Yeah. The main theme there is being dismissive.

So the company doesn’t necessarily need to make small enough changes that no one notices. If only a few people notice, then most of them may be dismissed if they try speaking up about it. So things are easier for the company than it may initially seem like.

So is the cake mix change fraud? I’m not sure.

There are some other ways to look at it that I like to consider.

Would Ayn Rand’s heroes do it? No.

Would Ayn Rand’s villains do it? Yes.

Would it be common behavior by successful companies in an ideal free market? No. It’d be a competitive disadvantage and major risk of alienating consumers if they find out. Some of the other companies would treat consumers better and consumers would like that. One thing I can imagine happening is one of the better companies calling it out and drawing consumer attention to it. This could be done by a competitor, a news company, or a company focused on product/company reviews/information.

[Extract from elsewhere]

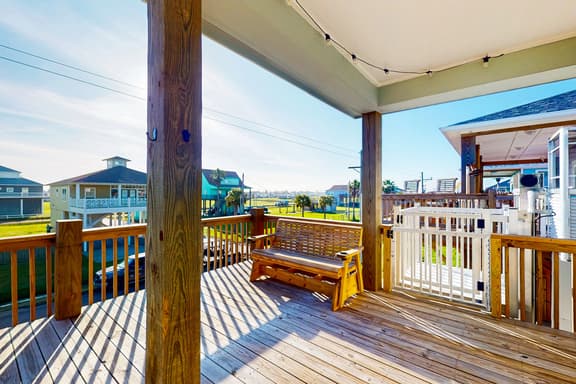 Sunset Shores Cottage - Image 1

Also, complaints about such things can go viral pretty easily on social media today. If this kind of bad behavior was more uncommon, and a lot of companies were better, then I think it’d go viral more easily at least for large companies: people would really want to know if one of the big, popular companies was actually bad. In the real world, all the big, popular companies kinda suck, so finding out one sucks isn’t very informative. In a world where 50% of the big, popular companies sucked, and 50% were awesome, it’d be really practical and useful to find out which ones sucked and switch to buying from the awesome ones. So it’d be easier to spread that kind of information.

Today, boycotting companies for doing bad things has a lot of difficulties. Picking a couple companies doesn’t make a lot of sense when their competitors aren’t clearly better. But boycotting every big company is super inconvenient – and realistically not enough people will do it for it to be very effective. In a world where there were a lot of good, large companies, then boycotting the bad companies would be way more realistic since you could just buy from the good companies.

Another issue with this kind of cake mix change is you alienate your good employees: the smart ones, the potential whistleblowers, the ones with integrity, the ones who want to do good work. In the real world, it’s hard for those good employees to find good companies to work at. But in a better world with some good companies and some bad companies, the bad companies would lose a lot of their better employees to the good companies.